DATA FOR PROCESSING: Begin
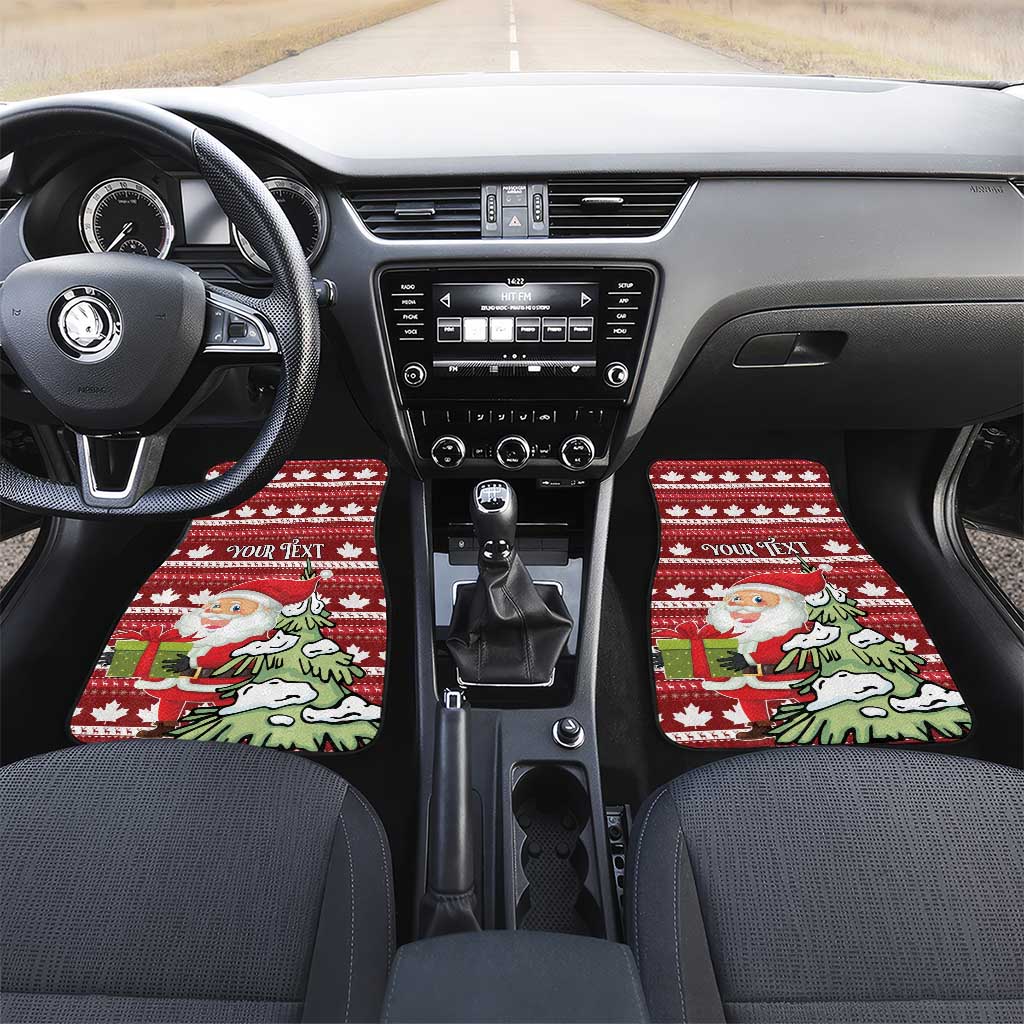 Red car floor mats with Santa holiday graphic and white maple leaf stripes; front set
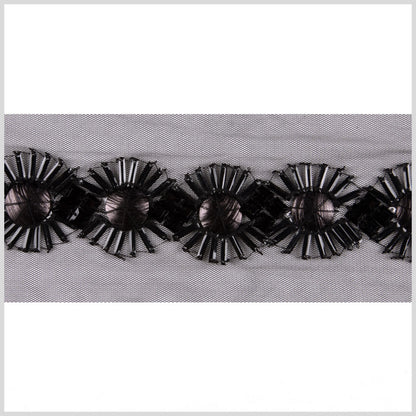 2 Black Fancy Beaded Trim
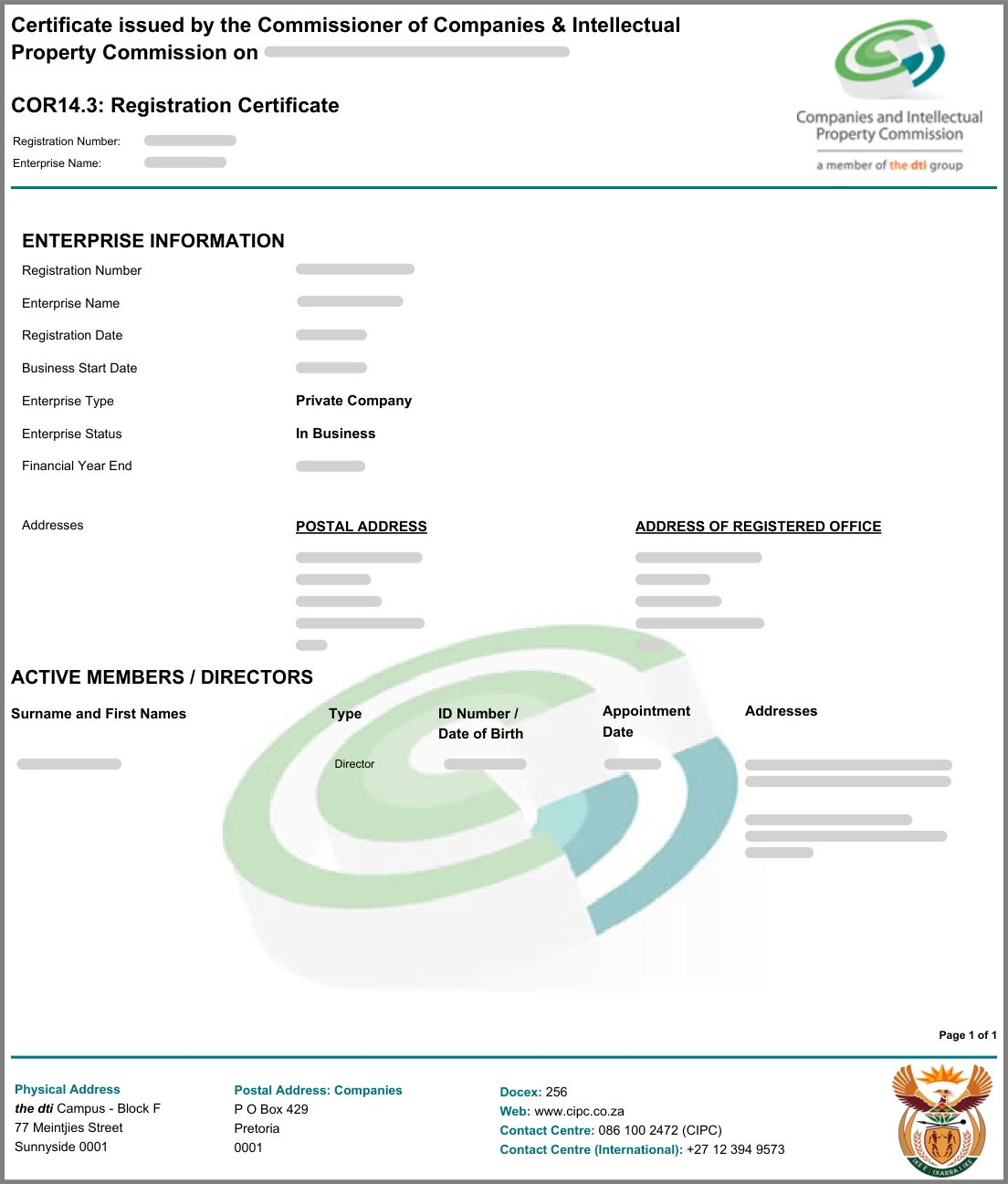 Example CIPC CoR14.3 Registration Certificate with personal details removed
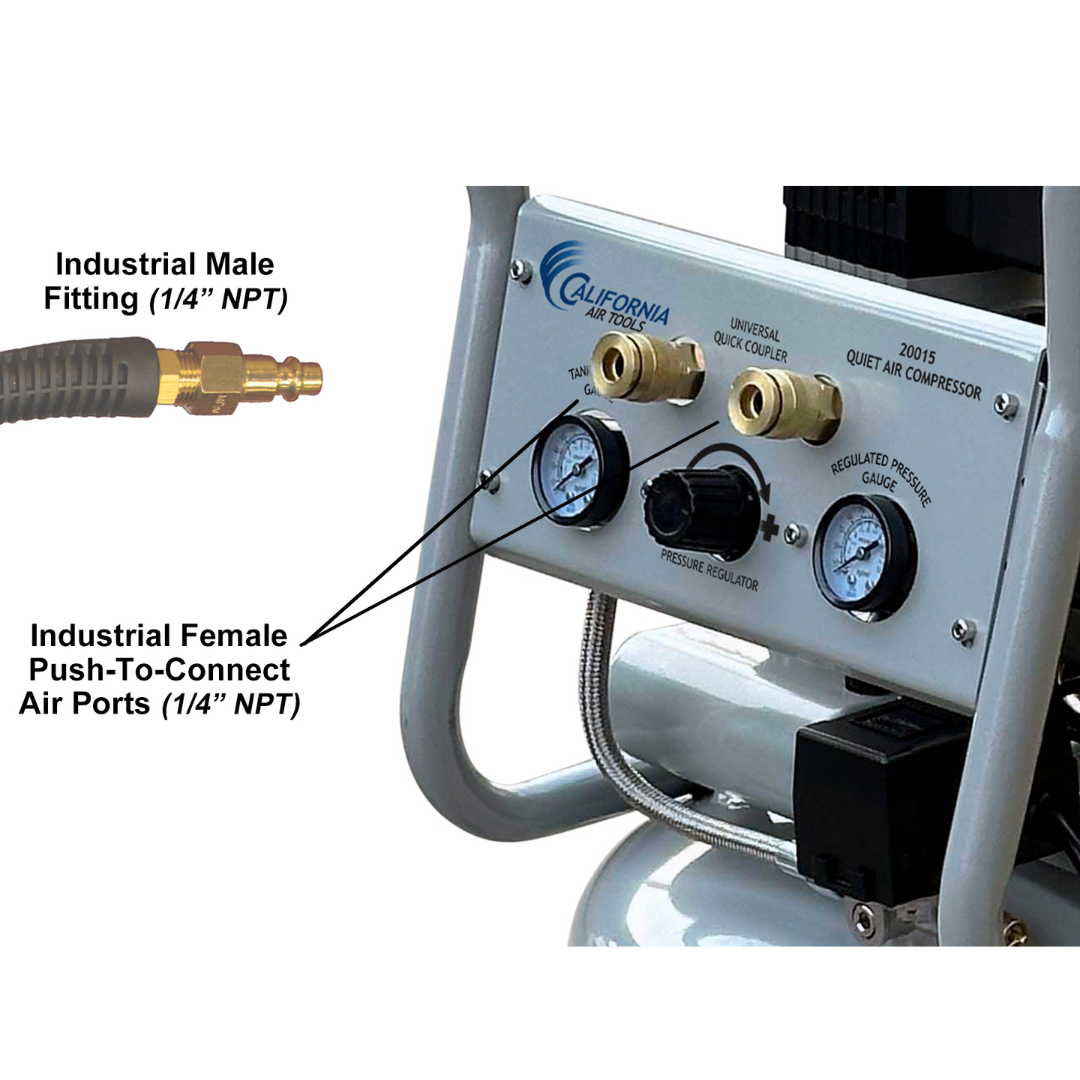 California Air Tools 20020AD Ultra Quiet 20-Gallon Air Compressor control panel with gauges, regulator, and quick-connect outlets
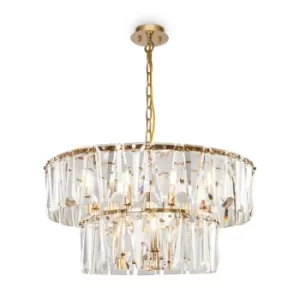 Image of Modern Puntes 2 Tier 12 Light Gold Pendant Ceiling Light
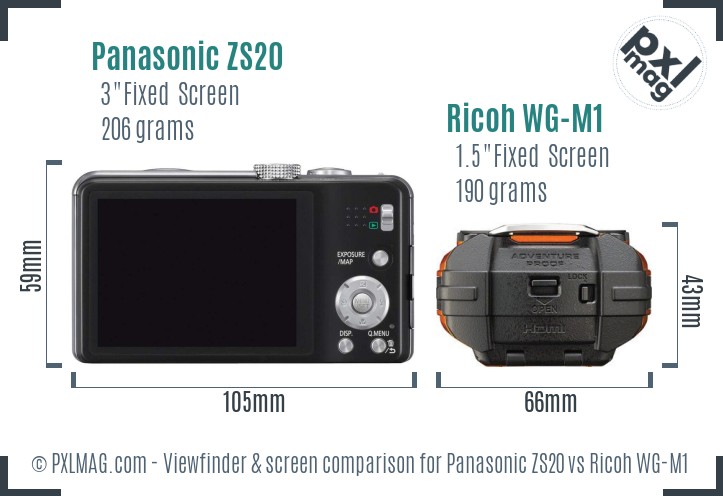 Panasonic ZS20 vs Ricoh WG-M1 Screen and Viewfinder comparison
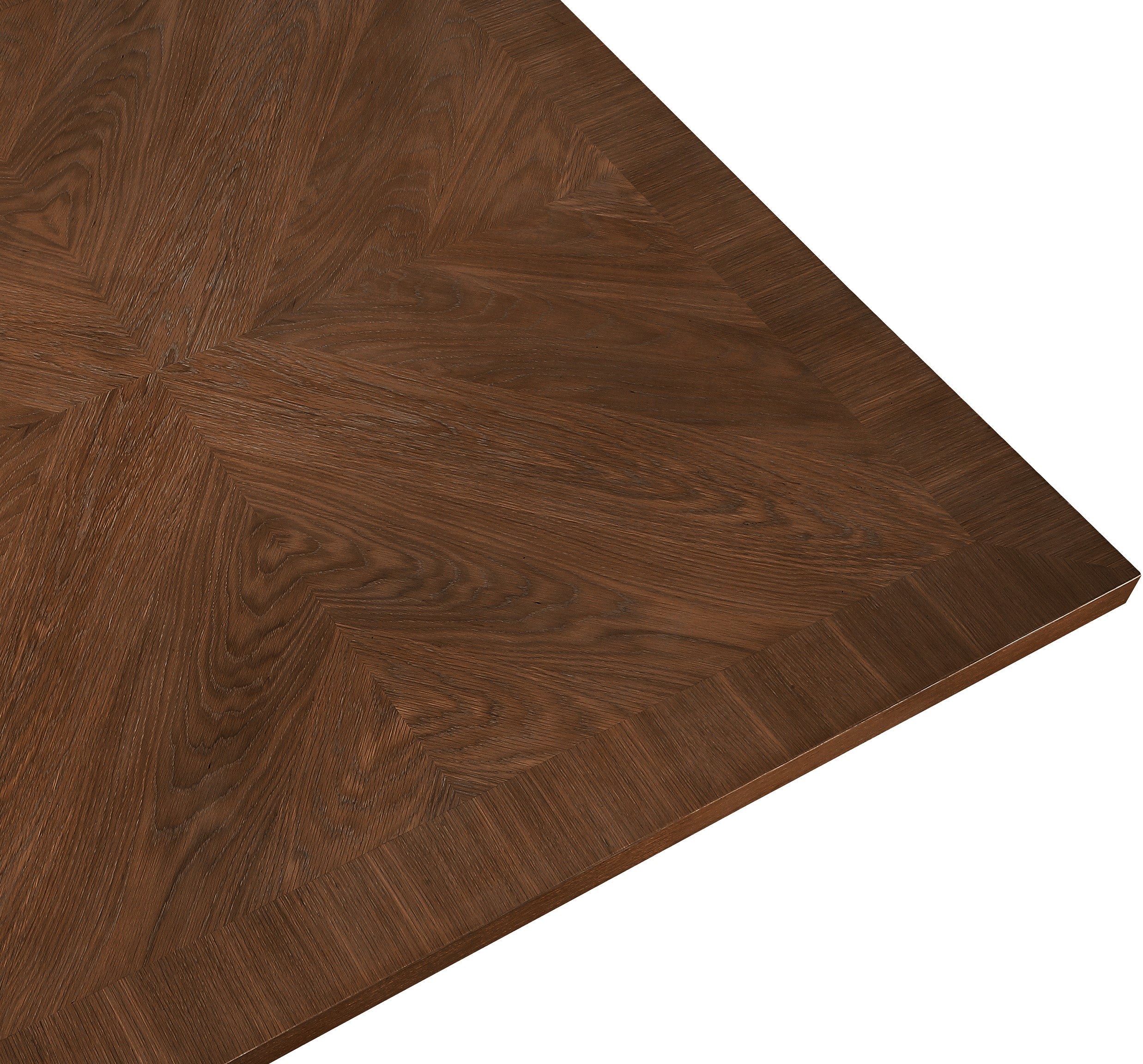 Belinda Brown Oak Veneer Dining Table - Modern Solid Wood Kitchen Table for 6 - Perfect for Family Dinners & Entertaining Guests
DATA FOR PROCESSING: End
=== TO DO ===
Print out each record exactly as shown, but keep the pictures out.

=== WORKED SOLUTION ===
 Red car floor mats with Santa holiday graphic and white maple leaf stripes; front set
 2 Black Fancy Beaded Trim
 Example CIPC CoR14.3 Registration Certificate with personal details removed
 California Air Tools 20020AD Ultra Quiet 20-Gallon Air Compressor control panel with gauges, regulator, and quick-connect outlets
 Image of Modern Puntes 2 Tier 12 Light Gold Pendant Ceiling Light
 Panasonic ZS20 vs Ricoh WG-M1 Screen and Viewfinder comparison
 Belinda Brown Oak Veneer Dining Table - Modern Solid Wood Kitchen Table for 6 - Perfect for Family Dinners & Entertaining Guests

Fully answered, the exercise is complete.